Last fall, Cambridge University Press published The Letters of Samuel Beckett, Volume 2: 1941–1956. Edited by George Craig, Martha Dow Fehsenfeld, Dan Gunn, and Lois More Overbeck, the volume is the second in a four-part series offering a comprehensive range of Samuel Beckett’s letters.
In compiling this edition, the editors consulted the Samuel Beckett papers at the Ransom Center, from which more than 15 percent of the letters in this volume were drawn.
“The Letters of Samuel Beckett,” a project of the Emory Laney Graduate School, will result in the publication of two additional volumes that feature Beckett materials from around the world.
The Modern Language Association of America recently announced that the first book in the series, The Letters of Samuel Beckett, Volume 1: 1929–1940, will receive the eleventh Morton N. Cohen Award for a Distinguished Edition of Letters.
The Ransom Center acquired its first substantial group of Beckett books and manuscripts in 1958 and continues to add to its holdings.

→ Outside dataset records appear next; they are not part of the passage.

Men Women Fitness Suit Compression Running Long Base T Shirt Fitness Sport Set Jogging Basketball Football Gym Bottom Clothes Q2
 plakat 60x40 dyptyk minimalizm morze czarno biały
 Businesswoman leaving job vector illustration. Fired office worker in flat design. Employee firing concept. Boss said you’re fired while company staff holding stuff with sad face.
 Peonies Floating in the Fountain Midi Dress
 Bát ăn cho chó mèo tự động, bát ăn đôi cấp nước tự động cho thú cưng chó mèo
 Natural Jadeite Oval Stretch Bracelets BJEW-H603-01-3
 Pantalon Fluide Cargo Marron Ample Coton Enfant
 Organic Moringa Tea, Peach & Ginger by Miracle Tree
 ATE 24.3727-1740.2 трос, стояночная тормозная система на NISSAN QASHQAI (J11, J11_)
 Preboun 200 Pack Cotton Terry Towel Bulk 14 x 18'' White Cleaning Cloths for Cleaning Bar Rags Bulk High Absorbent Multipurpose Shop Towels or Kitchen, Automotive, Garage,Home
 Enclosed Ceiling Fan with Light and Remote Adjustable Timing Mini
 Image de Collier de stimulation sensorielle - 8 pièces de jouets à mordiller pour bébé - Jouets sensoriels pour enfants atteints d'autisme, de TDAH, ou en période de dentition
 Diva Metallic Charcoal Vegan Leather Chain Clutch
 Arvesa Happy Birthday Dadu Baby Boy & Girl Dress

Handwritten manuscripts and typescripts make up the bulk of the collection, supplemented by Beckett’s correspondence and a wide range of his writing, including poems, stories, and plays spanning most of his career.
Drafts of both the French En attendant Godot and the English Waiting for Godot are present, as are versions of All That Fall, Comment c’est, Krapp’s Last Tape, and Watt. A handwritten manuscript of Whoroscope, Beckett’s first published poem, is also in the collection.
The Ransom Center’s web exhibition “Fathoms from Anywhere” traces Beckett’s (1906–1989) career, drawing materials from the Ransom Center’s collection.